La ficción imita la realidad, pero al mismo tiempo termina influyéndola. Pongamos por caso “Crónica de una mentira”, película francesa del año 2009 inspirada en el caso de Philippe Berre, quien, haciéndose pasar por ingeniero, llegó a contratar personal para retomar las obras de la autopista A-28, interrumpidas para evitar la extinción de un escarabajo conocido popularmente como el “pica-ciruelas”.

La película, como suele ser el caso, “redondea” el suceso, trata de “arreglarlo”, desarrollar un potencial de cuento moral ausente del prosaico timo original. La interpretación de François Cluzet no da lugar a sorpresas: desde el principio es un personaje sombrío y triste, con una nube depresiva sobrevolándolo en todo momento, que, si bien es adecuada para la idea de los cineastas de un ex presidiario arrepentido que busca su redención, le hace a uno preguntarse cómo le es posible engatusar a todo el mundo en una sociedad que valora la extroversión como una prueba de competencia.

Hay una curiosa e improbable intersección entre el subgénero de timadores y la fábula social: el estafador se ve envuelto por pura casualidad en el posible asunto lucrativo, y, tal como nos lo presentan el guión y la dirección, se deja llevar por sus tendencias naturales de pícaro, construyendo con habilidad una empresa ficticia a la que dota de verosimilitud mediante detalles fascinantes (por ejemplo, a la hora de crear el membrete recortando anuncios de prensa, el resultado es tan obviamente falso que finge el deterioro por lluvia de todo su material impreso para delegar su fabricación en una imprenta profesional).

El cambio de mentalidad se justifica sentimentalmente: el chaval que sobrevive robando en coches y vendiendo droga le recuerda su propia juventud, la alcaldesa del pueblo inmerso en el paro y la postración (una cesarizada Emmanuelle Devos que, a juzgar por sus artísticas poses de desnudo, ha envejecido mejor que muchas actrices de su quinta) le inspira un amor problemático (él entiende en un principio que ella se le ofrece para sellar la alianza económica que salvará la situación), su antiguo colega de fechorías (un Depardieu orondo y desprejuiciado que ya encarnaba a la perfección el arquetipo de mafioso y corrupto de poca monta incluso antes de mudarse a Rusia) querrá intervenir en el asunto y le decidirá aún más a comprometerse para salvar distancias.

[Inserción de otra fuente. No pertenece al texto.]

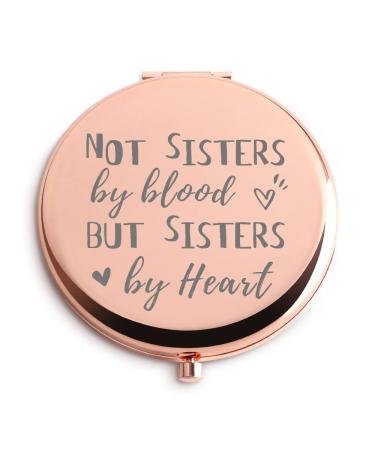 Dyukonirty Sisters Gifts from Sister Not Sisters by Blood But Sisters by Heart Compact Travel Makeup Mirror Rose Gold Unbiological Sister Friendship Christmas Unique Personalized BFF Gifts for Sisters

El idealismo del personaje de Cluzet parece haber dejado mella en el propio Philippe Berre, quien, celoso de la fibra moral de su contrapartida ficticia, dio un giro solidario a sus actividades de usurpación de personal consiguiendo combustible para el socorro a los afectados por el temporal Xynthia. Cluzet, en la pantalla, es el vaquero solitario cabalgando hacia el crepúsculo al estilo Lucky Luke, y los rótulos pre créditos nos hacen creer que la policía nunca lo volvió a atrapar después de su última detención, mientras que Berre, por lo visto, prosigue impenitente su carrera de impostor.  La A-28 fue finalmente llevada a término pese al escarabajo, pero toda relación causa-efecto con los manejos del timador pertenece al reino de la imaginación.